- [TASK OBJECTIVE]:
Should any entry include an image, skip the image and copy the entry exactly.

(Captioned web image data)
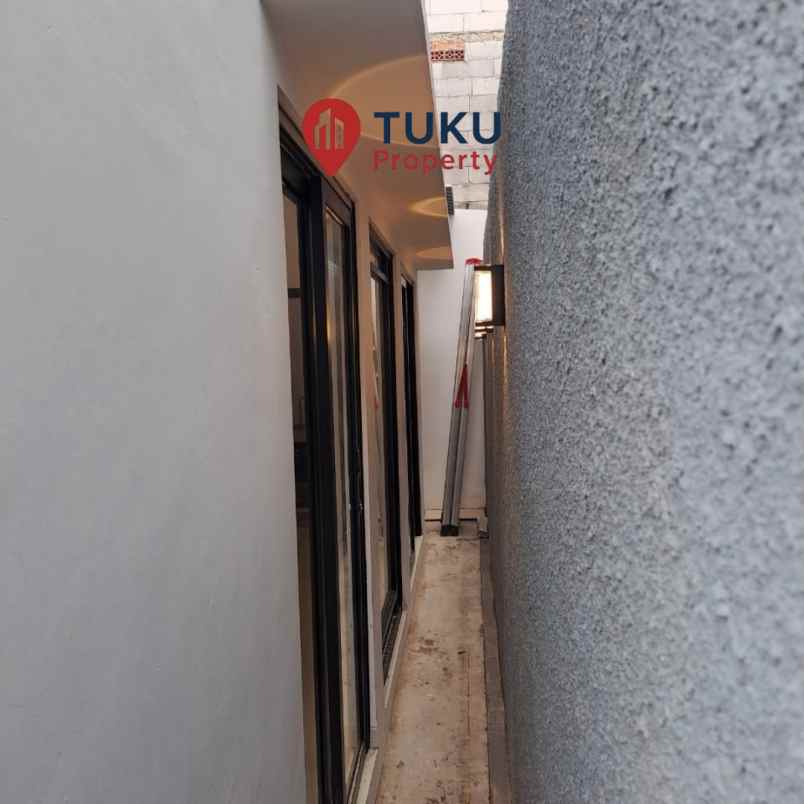 dijual murah rumah baru 2 5 lt di bintaro 9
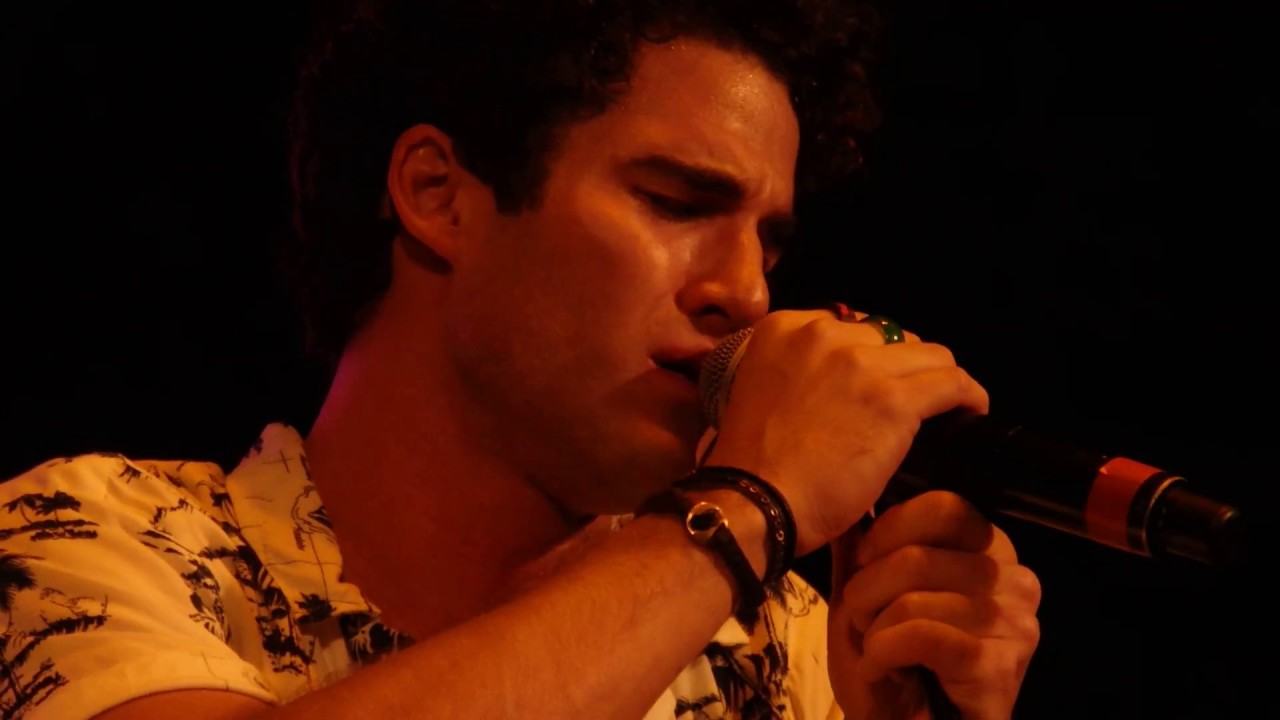 Darren Criss - Cough Syrup - Elsie Fest 2017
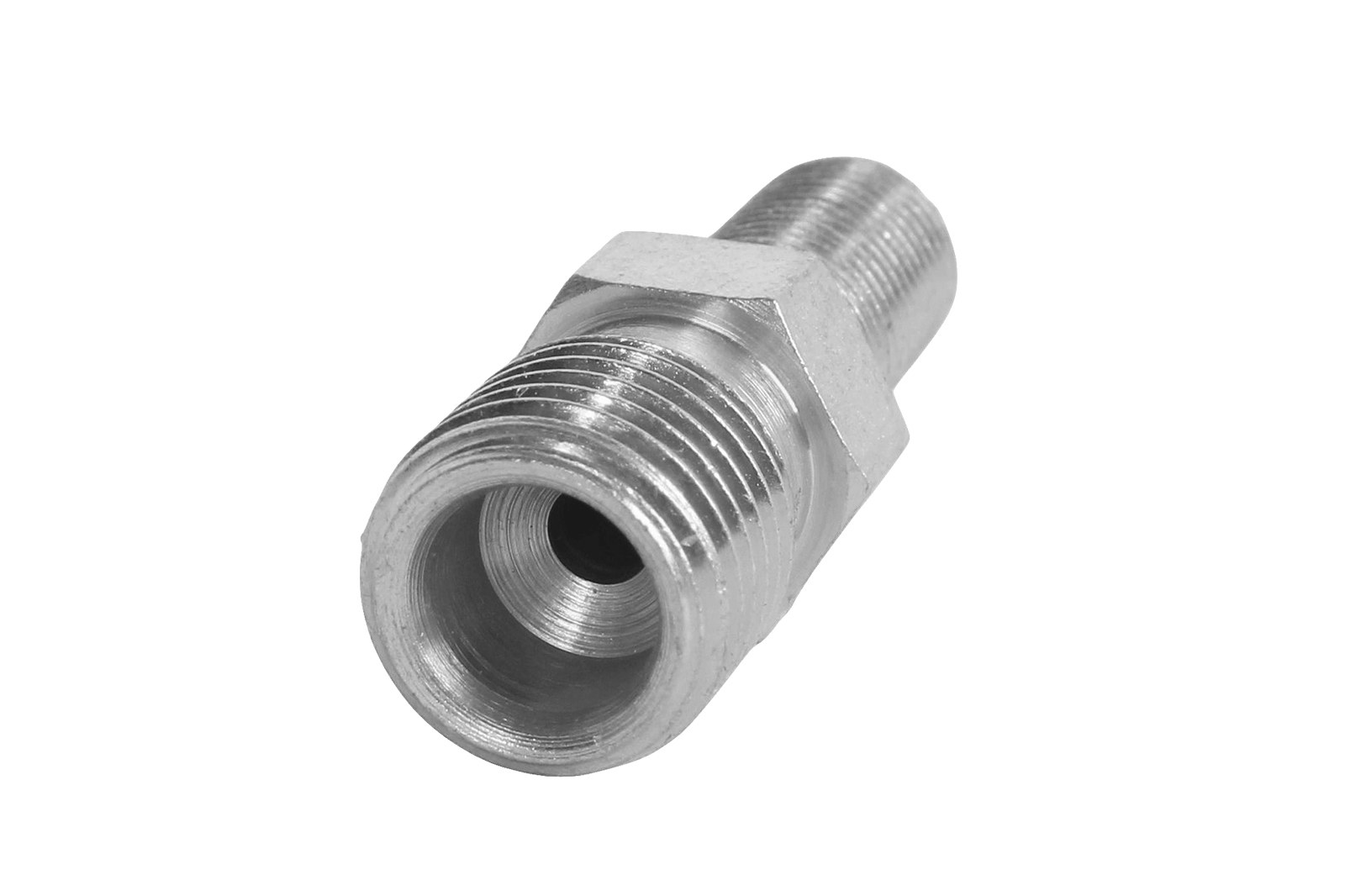 Штуцер КАМАЗ вспомогательного тормоза М14х10 фотография №3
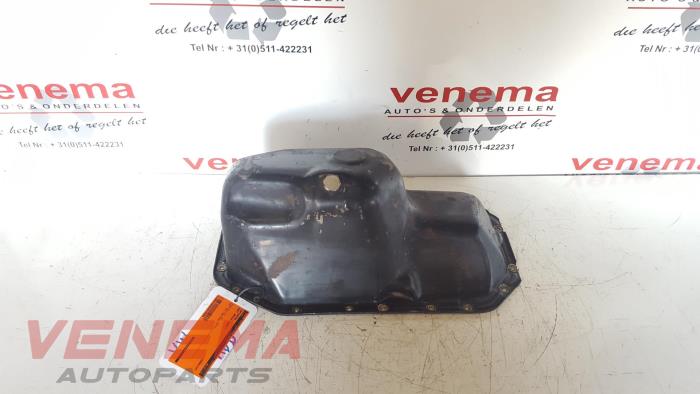 Sump from a Seat Arosa (6H1) 1.4 MPi 2001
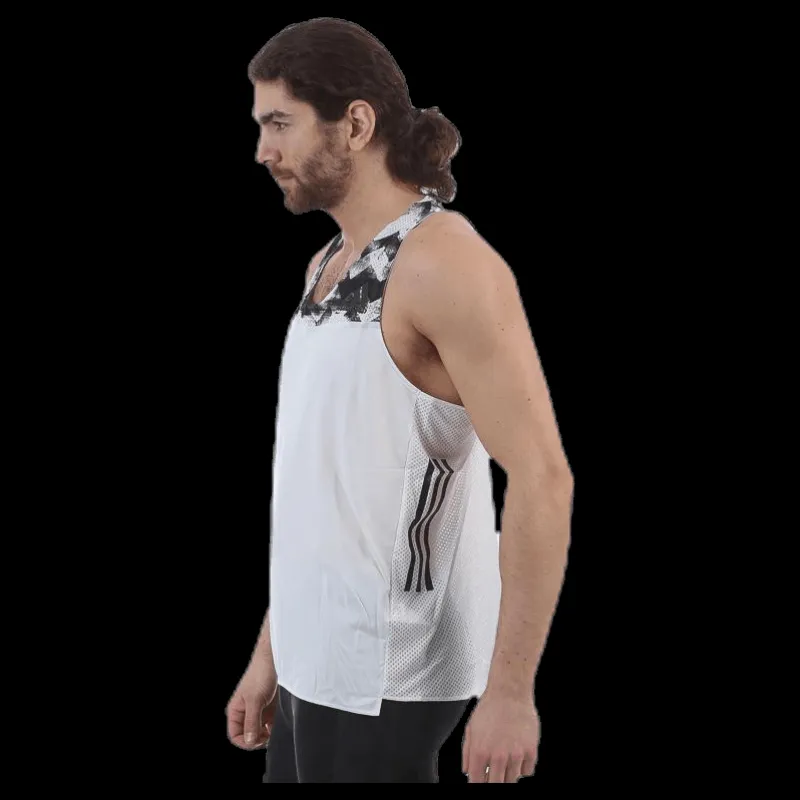 Clearance adidas Adizero SN Tank White Vit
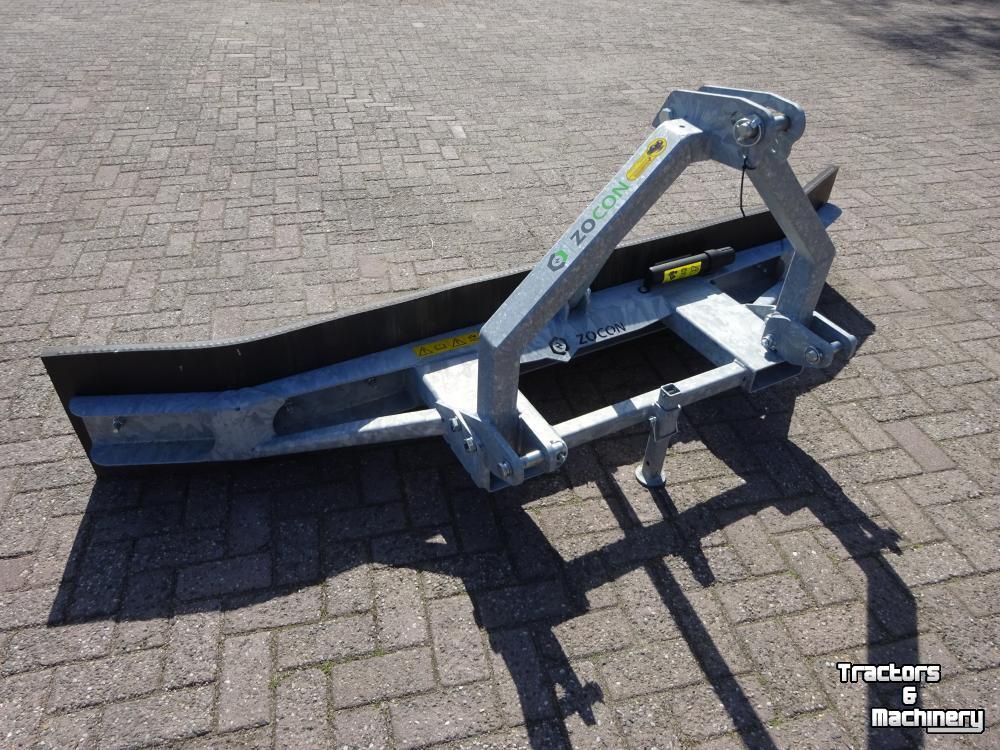 Rabot caoutchouc Zocon RS270 Budget schuif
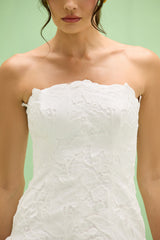 Mysie Lace Mini Dress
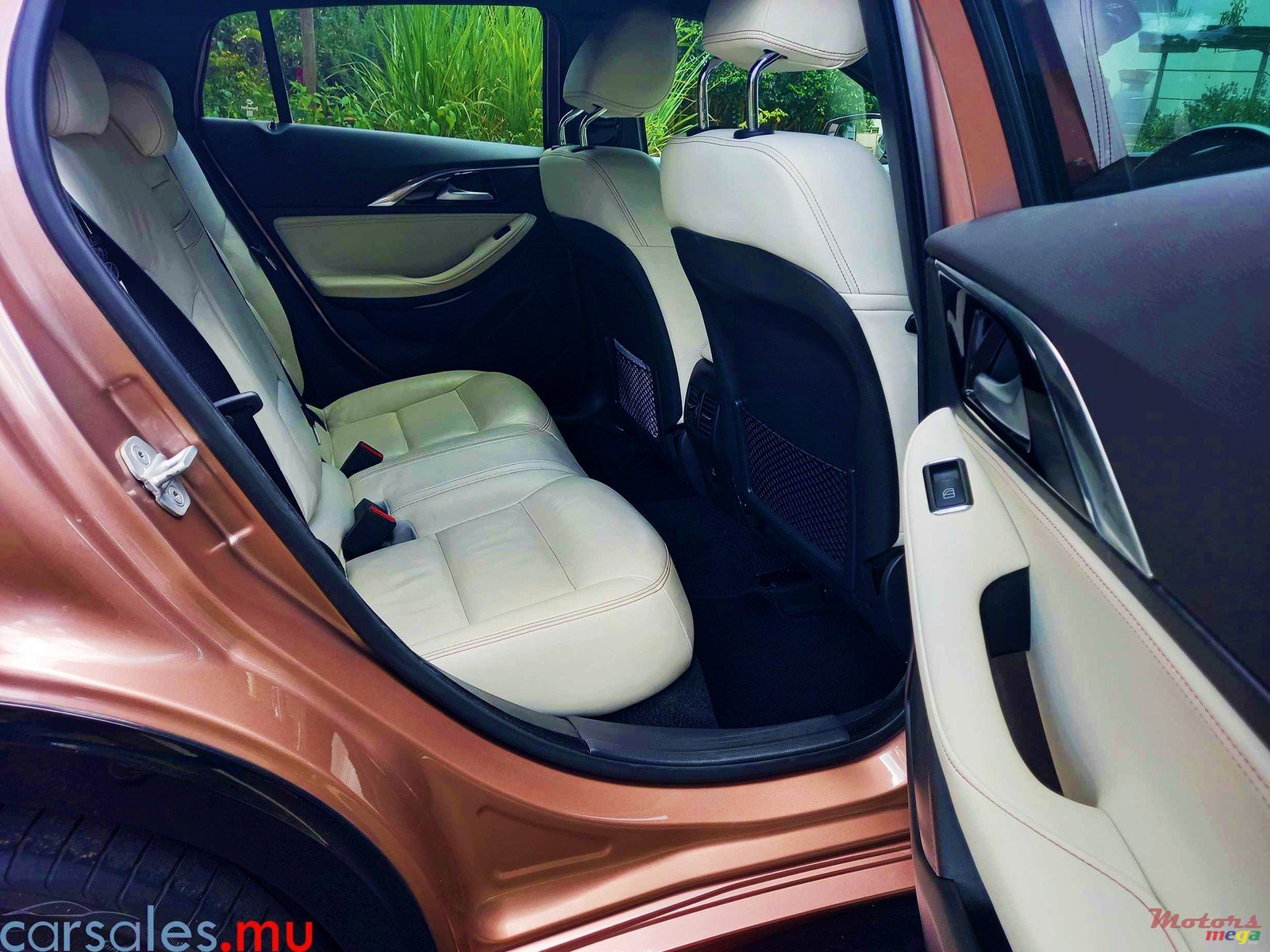 2018' Infiniti Q30 1.6t Premium photo #5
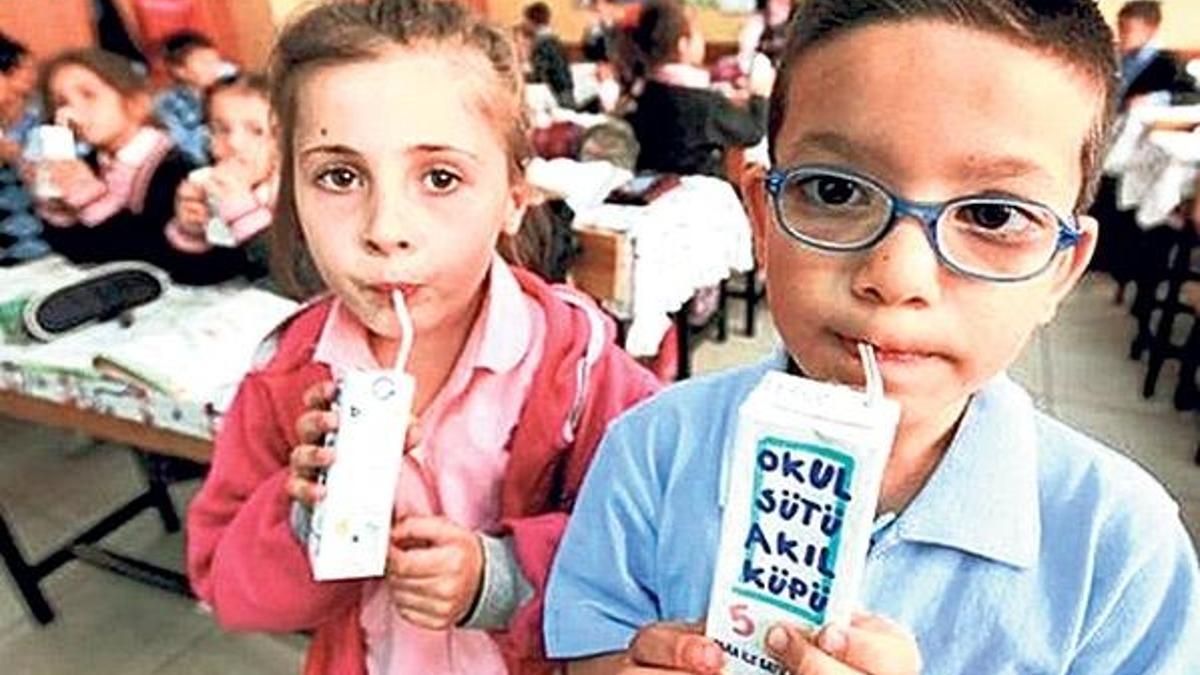 Akdeniz’de çocuklar son anda kurtuldu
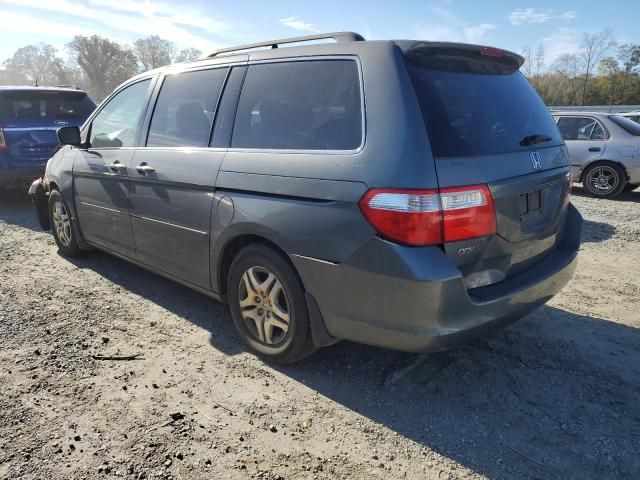 2007 Honda Odyssey EX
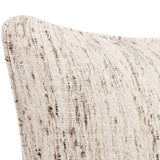 Tavira Lumbar Pillow, Natural Multi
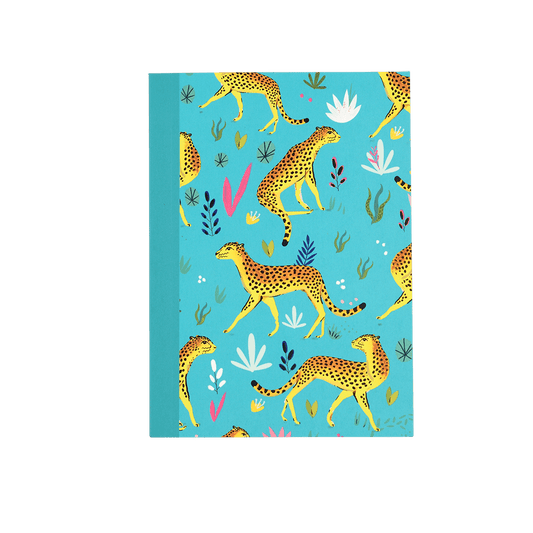Kids Notebooks | Cheetah Notebooks | Party Bag Fillers Rex London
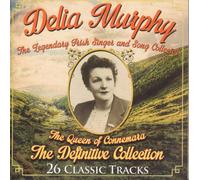 Delia Murphy - Delia Murphy-The Definitive Collection (26 Classic Irish Tracks) [Import]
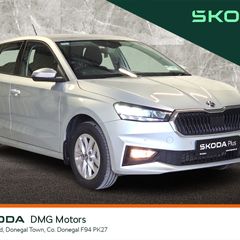 Skoda Fabia 2025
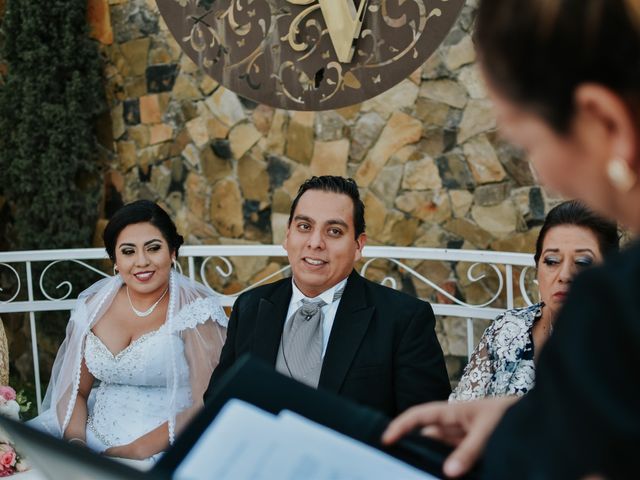La boda de Jair y Ale en Saltillo, Coahuila 17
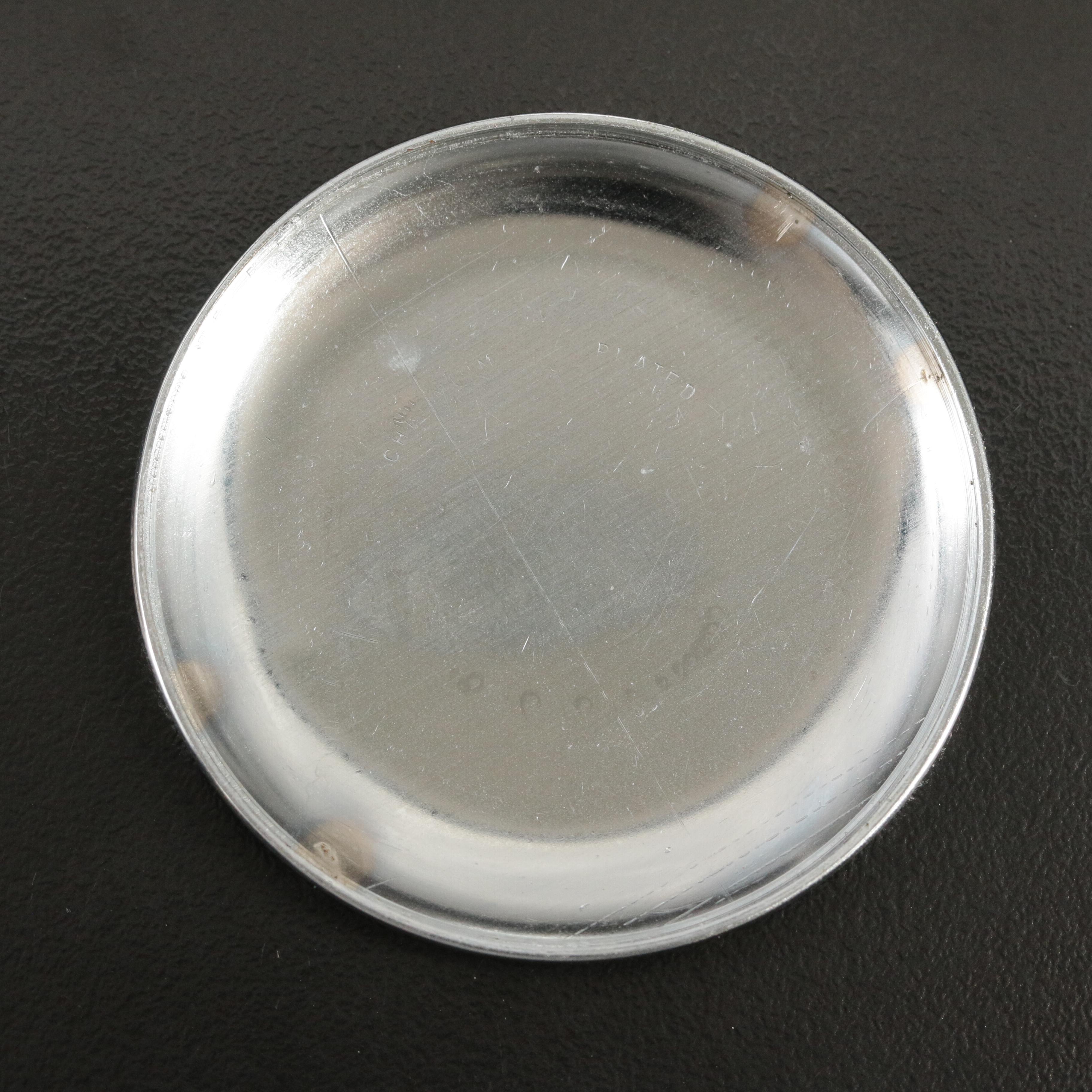 Vintage Ingraham Autocrat Pocket Watch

- [EXERCISE SOLUTION]:
 dijual murah rumah baru 2 5 lt di bintaro 9
 Darren Criss - Cough Syrup - Elsie Fest 2017
 Штуцер КАМАЗ вспомогательного тормоза М14х10 фотография №3
 Sump from a Seat Arosa (6H1) 1.4 MPi 2001
 Clearance adidas Adizero SN Tank White Vit
 Rabot caoutchouc Zocon RS270 Budget schuif
 Mysie Lace Mini Dress
 2018' Infiniti Q30 1.6t Premium photo #5
 Akdeniz’de çocuklar son anda kurtuldu
 2007 Honda Odyssey EX
 Tavira Lumbar Pillow, Natural Multi
Kids Notebooks | Cheetah Notebooks | Party Bag Fillers Rex London
 Delia Murphy - Delia Murphy-The Definitive Collection (26 Classic Irish Tracks) [Import]
 Skoda Fabia 2025
La boda de Jair y Ale en Saltillo, Coahuila 17
 Vintage Ingraham Autocrat Pocket Watch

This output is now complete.